The character Lemminkainen who dances through his days, skipping in and out of trouble and causing mischief and laughter, expresses the wonderful sense of humor of the Finnish people. Hardly anything is so terrible that it cannot be dealt with–with humor.

The Kalevala, heart of Finland and many U.P. natives, expresses the complicated personage of a people who, while extremely literate, still strive continuously toward higher learning and achievement; who place the value of freedom above all else; who carry the sorrow of their history in their hearts but can still laugh at themselves in the worst of times. Nothing tells the tale of truth more thoroughly than the Kalevala.

“We’ll dress as gypsies.” Amanda set her mandolin aside after an hour of rehearsing.

“Where will we ever find clothing suitable for gypsies here in Victoria Mine?” Esther asked.

“Right here in front of your nose,” Amanda laughed, leaping up from her chair, striding toward the parlor windows, and grabbing hold of a length of drapery. “Here are our gypsy clothes.”

When the night of the competition arrived, the women were ready. Covering their costumes with black capes until just before they walked out onto the dimly lit stage, Esther and Amanda’s spirits soared. No time for stage fright. They had planned, sewed, and studied well. The moment had finally arrived.

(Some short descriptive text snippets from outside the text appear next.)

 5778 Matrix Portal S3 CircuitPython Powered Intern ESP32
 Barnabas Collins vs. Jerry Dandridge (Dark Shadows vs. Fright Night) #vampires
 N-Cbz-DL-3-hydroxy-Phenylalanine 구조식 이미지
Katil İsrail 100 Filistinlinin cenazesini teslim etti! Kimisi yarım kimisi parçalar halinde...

As the massive maroon velvet curtain was pulled aside, a spotlight swathed the forms of the women, and a hush fell over the crowd. The twosome stepped forward in unison. Their grey gowns had been transformed from plain to brilliant by riveting red overskirts twisted with gold and black trims, vests of blue and gold embroidered flowers, and headpieces fashioned of blue velvet drapery tie-backs. When the last whisper of excitement disappeared, the colorful vagabonds began their program, taking the Finnish attendees with them on a journey to another time and land.

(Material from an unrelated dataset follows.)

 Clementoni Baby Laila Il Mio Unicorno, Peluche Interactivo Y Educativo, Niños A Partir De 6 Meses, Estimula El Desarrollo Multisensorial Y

The stage was set with real trees which had been cut by the men and propped up with wooden stands. Evergreen branches and boughs were heaped about the stage creating a convincing display of an old wooded land. Birch logs, set in a small tipi shape–stage center–simulated a campfire ready for lighting. Amanda and Esther knelt upstage of the campfire, hummed softly, then slowly rose. They began to sway, then on tiptoes, circled lightly around the white birch logs. As they began to gather speed, they whirled in dance about the logs. From their pockets, they drew long swirling streamers of red cloth that swept up and around them as they moved faster and faster. As suddenly as they had begun the dance they stopped, released the red streamers, letting them drift down over the logs. The fire had been “lit” and the “flames” leaped in dramatic color, flickering under the changing moods of the shining spotlight.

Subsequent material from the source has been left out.